The Magnesium Question
So my sister recently purchased an OTC herb that included magnesium. We both looked at the bottle and asked “is this the best form of magnesium to take?”
My biggest concern with individuals buying OTC medications/supplements is that many people just guess. They say hey, this looks good because the bottle is pretty. No, no, no.
Please invest in your health more than this. Please consult with your doctor about which magnesium to take as some are considered a no no and some are targeted for certain body ailments.
I did find a guide online that really clarified a lot of information for me as well ass my sister. This is a PDF from Balancewomenshealth.com. It is very clarifying about types of magnesium.
Magnesium Citrate -- Magnesium citrate is the most popular magnesium supplement, probably because it is inexpensive and easily absorbed. Since citric acid is a mild laxative, magnesium citrate functions as a constipation aid as well as a magnesium source. It is a great choice for individuals with rectal or colon problems but is unsuitable for those with loose bowel movements.
Magnesium Taurate -- Magnesium taurate is the best choice of magnesium supplement for people with cardiovascular issues, since it is known to prevent arrhythmias and guard the heart from damage caused by heart attacks. Magnesium taurate is easily absorbed (magnesium and taurine stabilize cell membranes together), and it contains no laxative properties.
Magnesium Malate -- Magnesium malate is a fantastic choice for people suffering from fatigue, since malic acid -- a natural fruit acid present in most cells in the body -- is a vital component of enzymes that play a key role in ATP synthesis and energy production. Since the ionic bonds of magnesium and malic acid are easily broken, magnesium malate is also highly soluble.
Magnesium Glycinate -- Magnesium glycinate (magnesium bound with glycine, a non-essential amino acid) is one of the most bioavailable and absorbable forms of magnesium, and also the least likely to induce diarrhea. It is the safest option for correcting a long-term deficiency.

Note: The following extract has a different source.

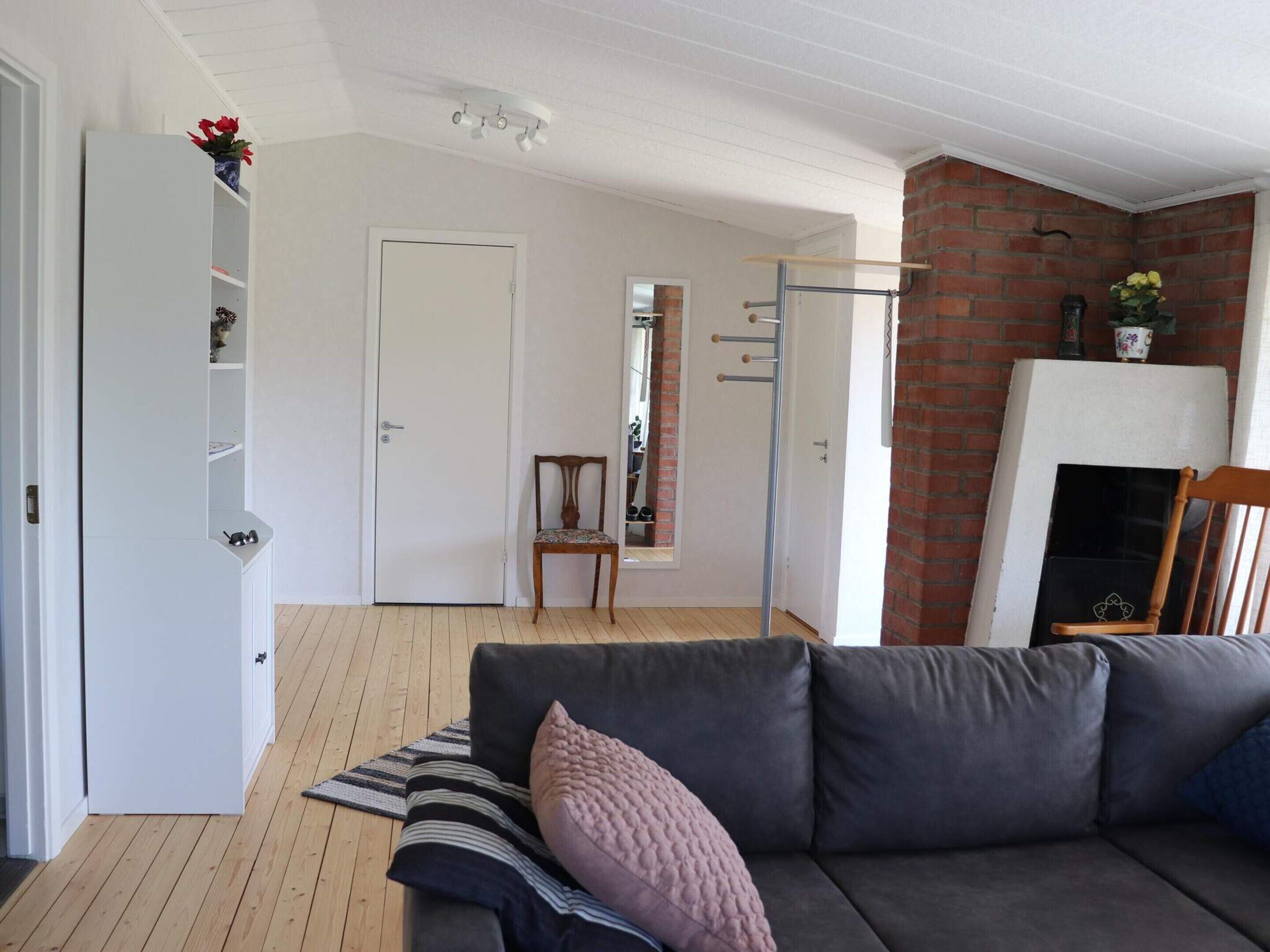 Un salon avec un canapé gris, un plancher en bois, une porte blanche, un mur en briques et une cheminée.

Magnesium Chloride -- Though magnesium chloride only contains around 12 percent elemental magnesium, it has an impressive absorption rate and is the best form of magnesium to take for detoxing the cells and tissues. Moreover, chloride (not to be confused with chlorine, the toxic gas) aids kidney function and can boost a sluggish metabolism.
Magnesium Carbonate -- Magnesium carbonate is another popular, bioavailable form of magnesium that actually turns into magnesium chloride when it mixes with the hydrochloric acid in our stomachs. It is a good choice for people suffering from indigestion and acid reflux, since it contains antacid properties. The worst forms of magnesium Magnesium Oxide -- Magnesium oxide is the most common form of magnesium sold in pharmacies, but it is non-chelated and possesses a poor absorption rate compared to those listed above.
Magnesium Sulfate -- Magnesium sulfate, also called Epsom salt, is a fantastic constipation aid but an unsafe source of dietary magnesium, since overdosing on it is easy.
Magnesium glutamate and aspartate -- Avoid these two forms of magnesium completely. Glutamic acid and aspartic acid are components of the dangerous artificial sweetener aspartame, and both of them become neurotoxic when unbound to other amino acids.
https://balancewomenshealth.com/wp-content/uploads/2020/03/PE-H-Types-of-Magnesium.pdf
Very informative. Please take time to continue to understand what you are taking and how it can affect you.